Festival international de Pápa : le film « Kimpa Vita, la mère de la révolution africaine » nominé

Le tout nouveau documentaire du réalisateur Ne Kunda Nlaba va participer à la rencontre cinématographique organisée dans l’ouest de la Hongrie du 12 au 16 novembre.

La programmation au Festival de Pápa intervient moins de deux mois après la première congolaise organisée le 26 septembre à Bel Campus. Le Centre culturel de l’université kinoise avait servi de cadre à deux projections successives ce jour-là. Assez particulière, la séance initiale sponsorisée par une banque de la place était une sorte de rencontre éducative à l’intention des enfants défavorisés. Content de l’expérience, c’est avec un gros enthousiasme que Ne Kunda Nlaba avait fait part de l’expérience à sa fin. « La projection du film documentaire Kimpa Vita, la mère de la révolution africaine dédiée aux enfants défavorisés vient de se terminer avec succès. Merci à la Rawbank d’avoir permis aux cent cinquante enfants défavorisés de voir le film et apprendre leur histoire », peut-on encore lire sur Facebook. Avait suivi une projection payante pour les adultes.

Kimpa Vita, la mère de la révolution africaine s’inscrit dans l’esprit du documentaire qui annonce déjà la couleur avec cette première édition. Symbole important de l’histoire du Congo, mais pas que, comme le souligne le réalisateur, l’histoire de Kimpa Vita plus souvent évoquée à présent qu’il y a encore quelques petites années colle au contexte historique du festival. Au sujet des critères de sélection, il fait justement savoir que « les sujets peuvent dépeindre n’importe quelle période, événement de l’antiquité jusqu’au XXe siècle. Des périodes de l’histoire humaine que nos enfants ne connaissent que par les manuels scolaires, les œuvres littéraires ». Ce qui est bien le cas de la réalisation de Ne Kunda Nlaba. Savoir que le personnage à peine étudié sera mis en exergue dans cette ville dont le passé historique est significatif en Hongrie. Pápa est certes réputée pour son centre à l’architecture baroque et pour plusieurs de ses monuments remarquables, elle fut surtout un important centre religieux, catholique, protestant et hébraïque de ce pays. Et le récit de Kimpa Vita, surnommée « la Jeanne d’Arc congolaise ou d’Afrique », c’est selon, est rattaché à un pan de l’histoire religieuse du royaume Kongo. Et par-delà, de l’évangélisation en Afrique. Il y a déjà au moins ce détail qui insère le documentaire dans la catégorie « Long métrage » du festival qui fait une place aux « films historiques dits traditionnels ».

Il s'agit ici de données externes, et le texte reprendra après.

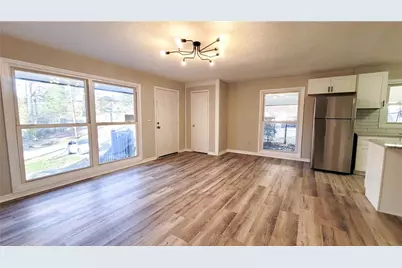 755 Fallview Drive, Forest Park, GA 30297 - Photo 3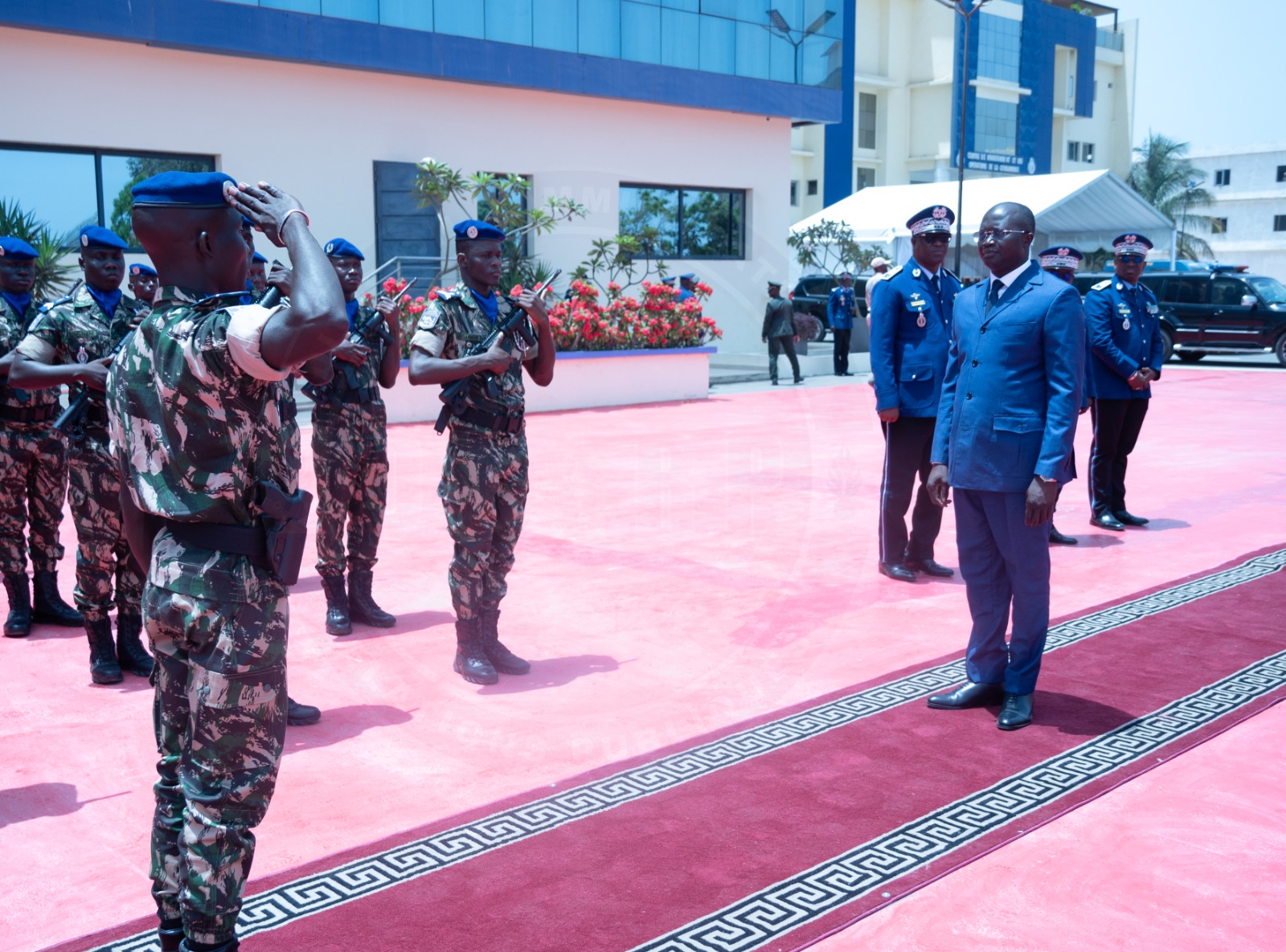 Visite de prise de contact du ministre des forces armées à la Gendarmerie nationale - Image 3
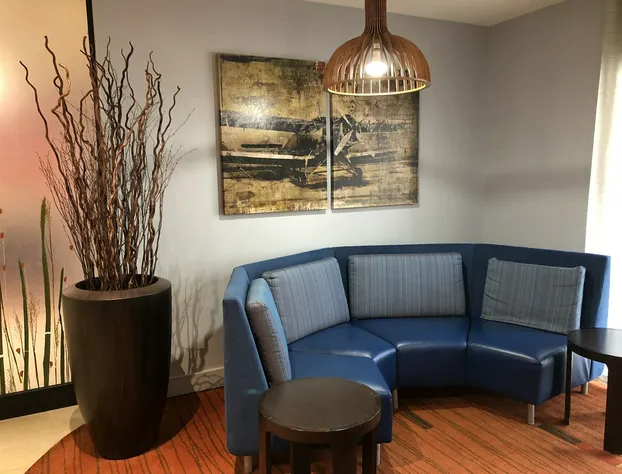 Courtyard by Marriott Toronto Airport hotel detail image 3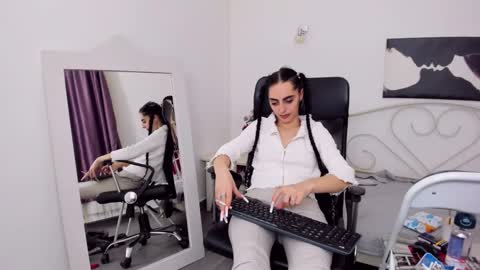 Jessy online show from February 2025 07:05:02 PM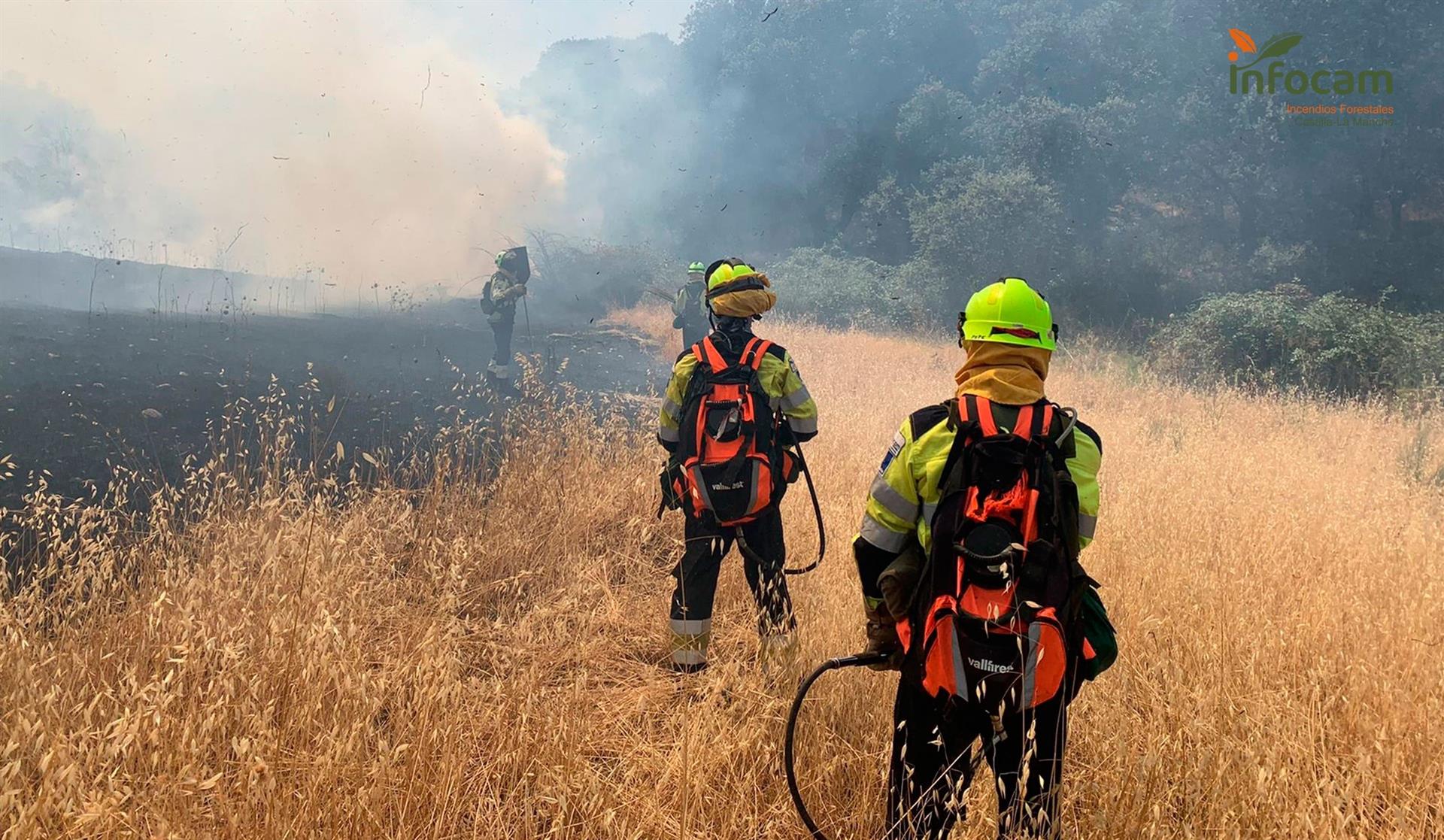 Bomberos trabajando en le extinción del fuego de un incendio / Foto: EP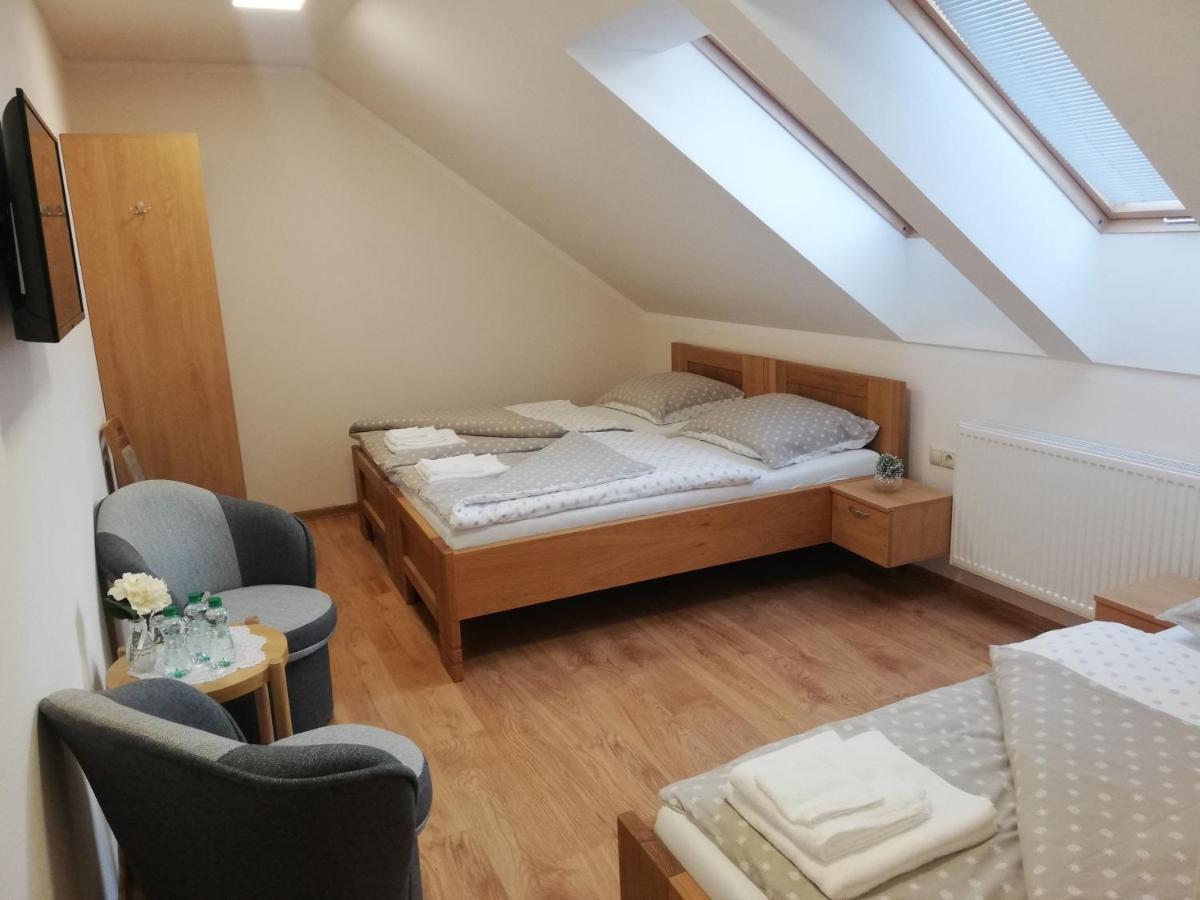 Hotel Penzion Pod Tureckom à Trenčianske Bohuslavice Extérieur photo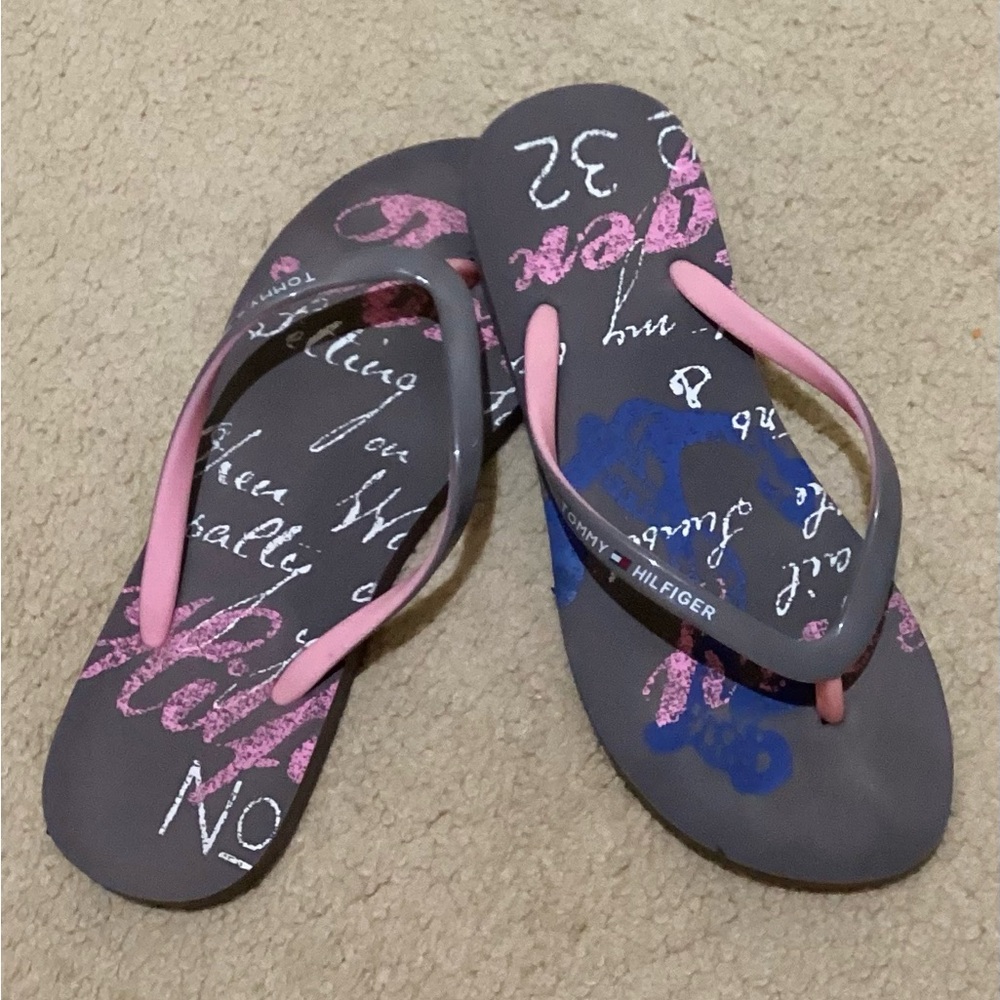 🔥EUC tommy Hilfiger Pink and Gray Sandals Casual Beachwear& every day wear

Il est clair que depuis la grande première tenue en Angola le 4 août 2016, Kimpa Vita : la mère de la révolution africaine a fait son chemin. Ce, après une seconde projection angolaise la semaine suivante déjà, soit le 11 août 2016 à Mbanza Kongo. De là, le film a commencé un périple qui l’a mené loin du continent, à commencer par Paris le 29 octobre 2016 au Cinéma le Brady, suivi de Londres le 11 novembre au cinéma Peckhamplex et de Bruxelles le 2 décembre au cinéma Aventure.

Mention spéciale du jury

Puis, il y a eu la tournée de 2017 qui s’est achevée joyeusement au Gabon. Lancé à la faveur du festival Congolisation en janvier 2017, il est en France, plus précisément au Festival international du film panafricain de Cannes en avril 2017 avant d’achever cette expédition européenne au Festival Afrykamera en Pologne en mai 2017. Et c’est aux Escales Documentaires de Libreville que le film a été vu en dernier cette année-là. Le festival lui a fait bon accueil lui décernant alors le Prix spécial du jury.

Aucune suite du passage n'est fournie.